The act of getting into the front seats could and should have been made easier than it might be in a normal supermini. However, although the car offers a broadly convenient raised hip point for your backside, your heels tend to be tripped up when entering the car unless you lift them very carefully over a sill that’s unusually high, wide and obstructive.
Once you’re aboard, the architecture and packaging of the front of the cockpit seems quite innovative. The air vents, instruments, infotainment display and the switchgear that controls it are all collected on a panel that sweeps across the fascia at a common height – but just underneath that, the dashboard and door panels are recessed away from you, making plenty of space for your knees and elbows.
Even though the leathers and mouldings of our test car were dark, that made for a pleasing sensation of space, and for good visibility, up front. The same isn’t delivered for those sitting in the back, however – the view out of the car hampered by a rising beltline and DS’s shark-fin bodyside styling feature.
Our upper-mid-level Prestige-trim test car came with DS’s Opéra-grade interior as a cost option (£950), which brought particularly soft black leather seats with a watch-strap upholstery motif, and a black and mottled bronze leather fascia panel with decorative stitching.
Between those upmarket trim elements and the stylised switchgear of the centre console, the car is at pains, in places, to convince you that it is a designer luxury good worthy of its price premium.
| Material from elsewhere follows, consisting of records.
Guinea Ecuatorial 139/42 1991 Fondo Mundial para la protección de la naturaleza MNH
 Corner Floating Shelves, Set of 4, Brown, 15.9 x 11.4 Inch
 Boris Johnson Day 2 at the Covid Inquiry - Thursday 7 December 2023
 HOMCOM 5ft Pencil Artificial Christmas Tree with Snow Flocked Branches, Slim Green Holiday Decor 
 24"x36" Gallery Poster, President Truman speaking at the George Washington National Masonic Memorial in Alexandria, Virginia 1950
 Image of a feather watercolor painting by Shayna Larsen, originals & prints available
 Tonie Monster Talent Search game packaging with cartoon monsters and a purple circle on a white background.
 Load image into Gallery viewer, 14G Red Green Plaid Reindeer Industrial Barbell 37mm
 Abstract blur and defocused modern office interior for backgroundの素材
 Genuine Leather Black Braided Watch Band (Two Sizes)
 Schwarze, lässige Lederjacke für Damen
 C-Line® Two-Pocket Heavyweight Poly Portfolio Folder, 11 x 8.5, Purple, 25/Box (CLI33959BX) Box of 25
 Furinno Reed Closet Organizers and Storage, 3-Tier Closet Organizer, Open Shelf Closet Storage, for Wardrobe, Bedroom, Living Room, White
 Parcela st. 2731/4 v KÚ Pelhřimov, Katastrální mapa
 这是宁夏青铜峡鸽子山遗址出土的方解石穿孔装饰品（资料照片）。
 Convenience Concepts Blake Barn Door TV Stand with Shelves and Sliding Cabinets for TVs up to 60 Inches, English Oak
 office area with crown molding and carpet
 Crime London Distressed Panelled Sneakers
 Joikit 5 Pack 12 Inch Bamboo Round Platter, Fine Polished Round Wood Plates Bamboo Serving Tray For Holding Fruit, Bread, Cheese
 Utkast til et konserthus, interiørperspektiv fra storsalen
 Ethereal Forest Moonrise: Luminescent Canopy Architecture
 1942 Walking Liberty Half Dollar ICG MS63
In other places, however, the quite hard, plain, shiny and uninviting finishes of the lower secondary mouldings are unworthy of the same description.
Meanwhile, the DS 3 Crossback’s large touchscreen infotainment display and its digital instruments are another attempt to convince you of its sophistication doomed only to partial success, owing to the slightly clunky, tardy usability of the former and the latter’s omission of a really clear and readable ‘classic’ instrumentation display mode.
The 10.3in widescreen display would be a real rarity as standard equipment on a car at this price – but it only comes on Prestige-trimmed models and above. That means you could pay more than £27,000 for a Performance Line car and find that, while the standard-fitted system does include smartphone mirroring for Apple and Android phones, you don’t get factory satellite navigation.
Much as it might not come as a great consolation, the upper-level DS Connect system isn’t that impressive. It’s not one that lures you to interact with it through particularly slick graphics or a clever manual input device, and much of the real estate of the screen to either side is wasted when it’s displaying navigation mapping or radio tuner information.
The navigation is supplied by TomTom, and it’s respectable for usability and mapping detail but no better. The system comes with three years of live traffic information, online search functionality and fuel station, parking and weather information from purchase, after which it’s subject to subscription.